PROBLEM STATEMENT. So that the copy stays text only, transcribe the data below exactly and exclude the images.
━━ EXERCISE DATA
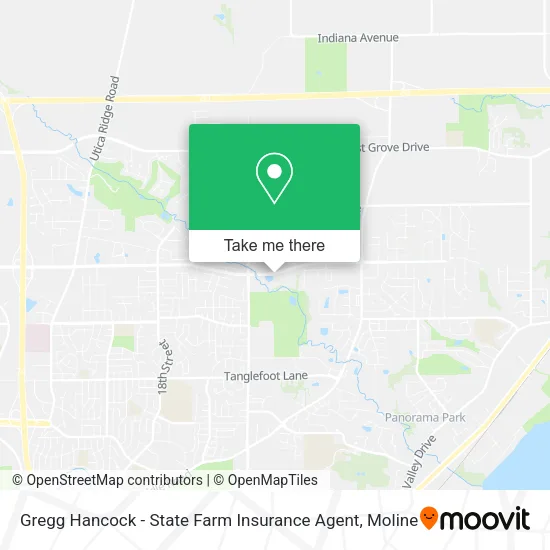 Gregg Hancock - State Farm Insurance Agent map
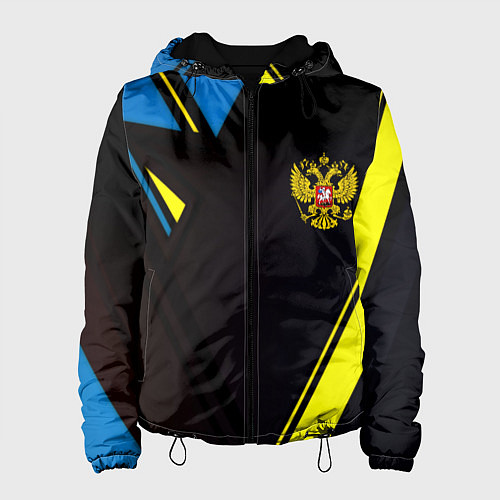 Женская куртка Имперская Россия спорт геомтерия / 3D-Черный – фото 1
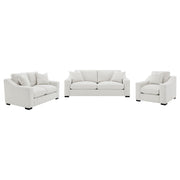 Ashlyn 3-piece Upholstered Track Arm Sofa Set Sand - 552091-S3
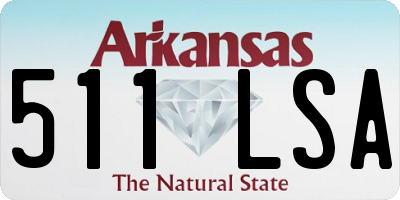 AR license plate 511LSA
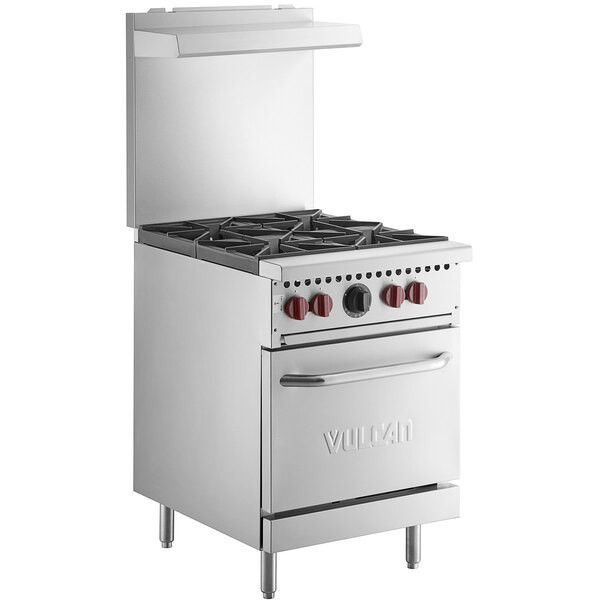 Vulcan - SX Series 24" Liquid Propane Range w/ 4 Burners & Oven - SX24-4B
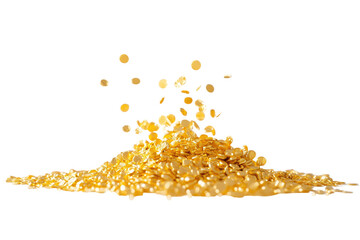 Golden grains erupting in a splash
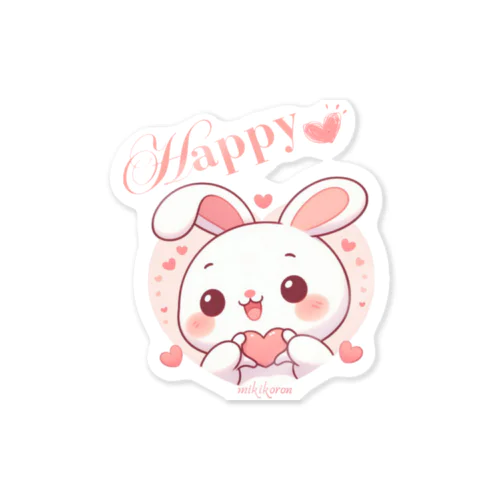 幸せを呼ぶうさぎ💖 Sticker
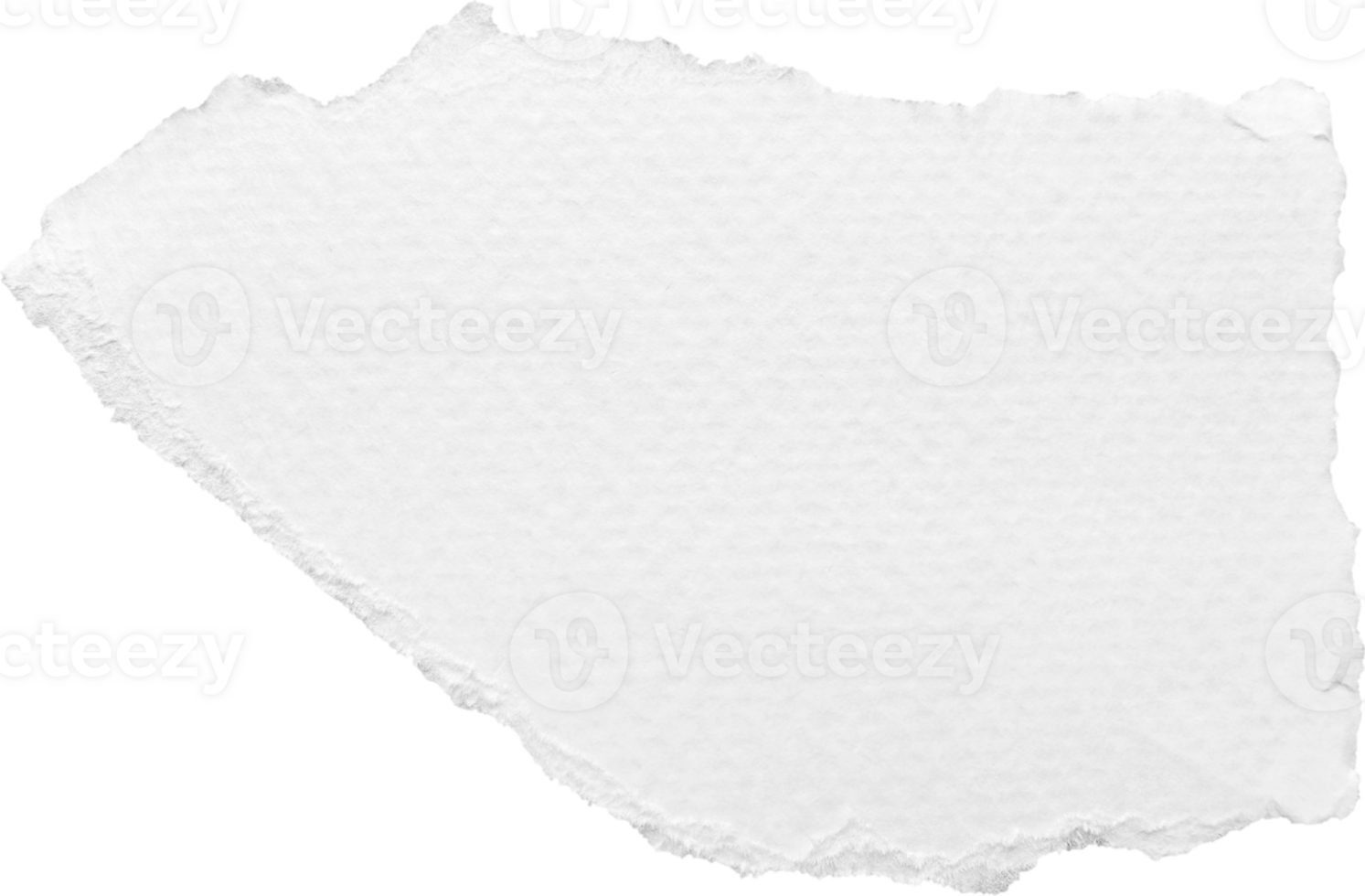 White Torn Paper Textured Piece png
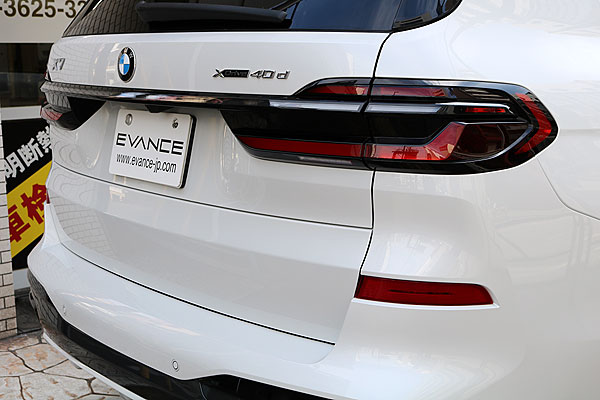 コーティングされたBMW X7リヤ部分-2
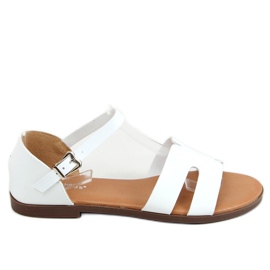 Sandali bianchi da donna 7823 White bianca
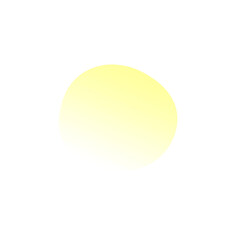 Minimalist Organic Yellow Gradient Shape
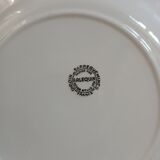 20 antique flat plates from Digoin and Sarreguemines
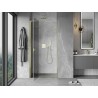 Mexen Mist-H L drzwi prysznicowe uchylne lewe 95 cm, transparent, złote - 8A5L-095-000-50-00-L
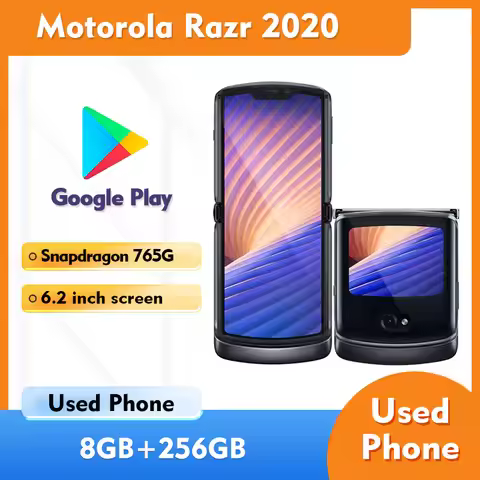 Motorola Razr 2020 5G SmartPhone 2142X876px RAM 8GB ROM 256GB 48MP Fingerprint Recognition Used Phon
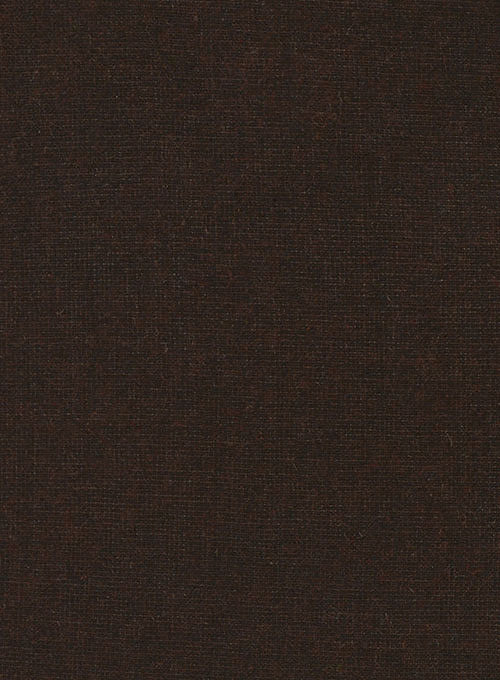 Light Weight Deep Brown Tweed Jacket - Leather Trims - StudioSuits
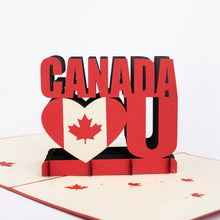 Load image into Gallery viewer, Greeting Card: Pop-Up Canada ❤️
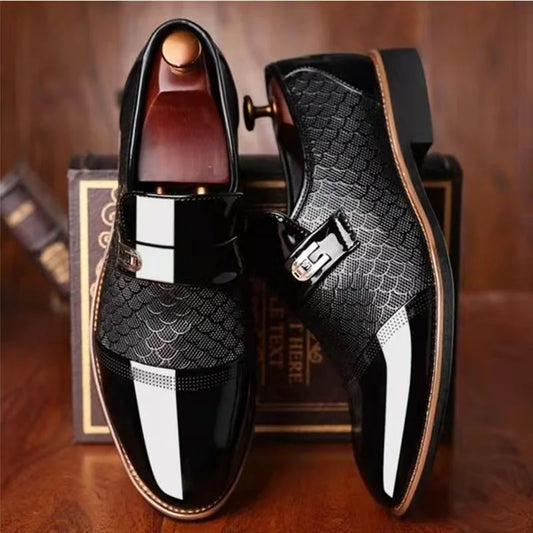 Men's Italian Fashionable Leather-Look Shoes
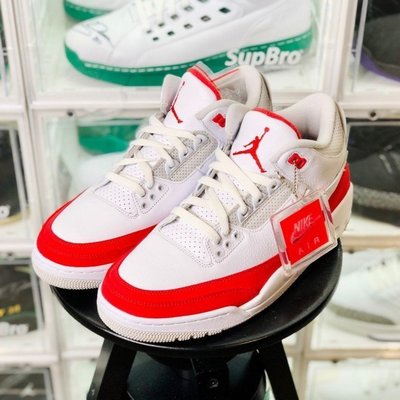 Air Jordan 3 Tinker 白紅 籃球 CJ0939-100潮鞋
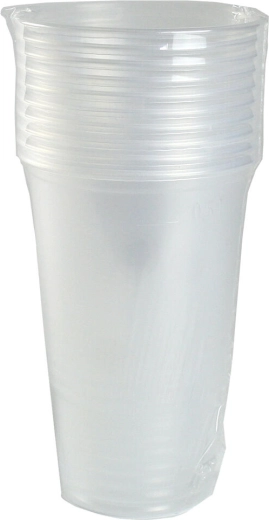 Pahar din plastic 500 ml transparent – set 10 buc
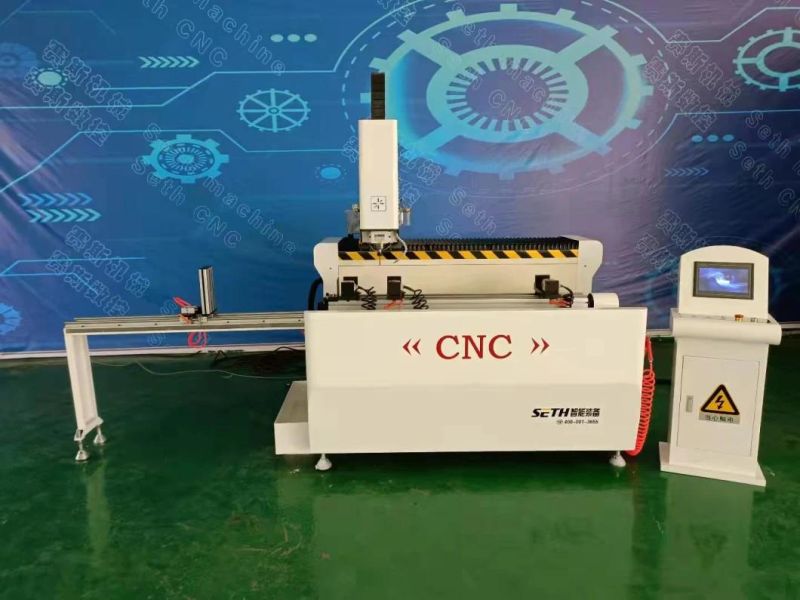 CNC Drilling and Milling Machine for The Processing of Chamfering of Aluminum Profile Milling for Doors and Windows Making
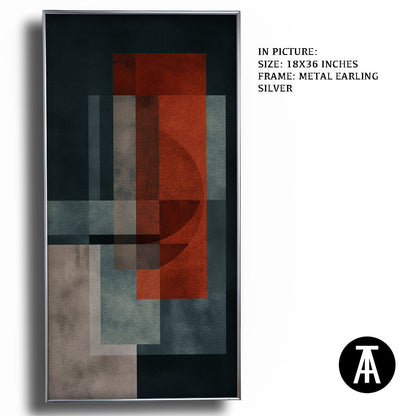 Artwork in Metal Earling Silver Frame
━━━━
RESPONSE AREA.
 Gregg Hancock - State Farm Insurance Agent map
 Женская куртка Имперская Россия спорт геомтерия / 3D-Черный – фото 1
 Ashlyn 3-piece Upholstered Track Arm Sofa Set Sand - 552091-S3
 AR license plate 511LSA
 Vulcan - SX Series 24" Liquid Propane Range w/ 4 Burners & Oven - SX24-4B
 Golden grains erupting in a splash
 幸せを呼ぶうさぎ💖 Sticker
 White Torn Paper Textured Piece png
 コーティングされたBMW X7リヤ部分-2
 Sandali bianchi da donna 7823 White bianca
 Minimalist Organic Yellow Gradient Shape
 20 antique flat plates from Digoin and Sarreguemines
 Mexen Mist-H L drzwi prysznicowe uchylne lewe 95 cm, transparent, złote - 8A5L-095-000-50-00-L
 Motorola Razr 2020 5G SmartPhone 2142X876px RAM 8GB ROM 256GB 48MP Fingerprint Recognition Used Phon
 Light Weight Deep Brown Tweed Jacket - Leather Trims - StudioSuits
 Load image into Gallery viewer, Greeting Card: Pop-Up Canada ❤️
 Men's Italian Fashionable Leather-Look Shoes
 Air Jordan 3 Tinker 白紅 籃球 CJ0939-100潮鞋
 Pahar din plastic 500 ml transparent – set 10 buc
 CNC Drilling and Milling Machine for The Processing of Chamfering of Aluminum Profile Milling for Doors and Windows Making
 Artwork in Metal Earling Silver Frame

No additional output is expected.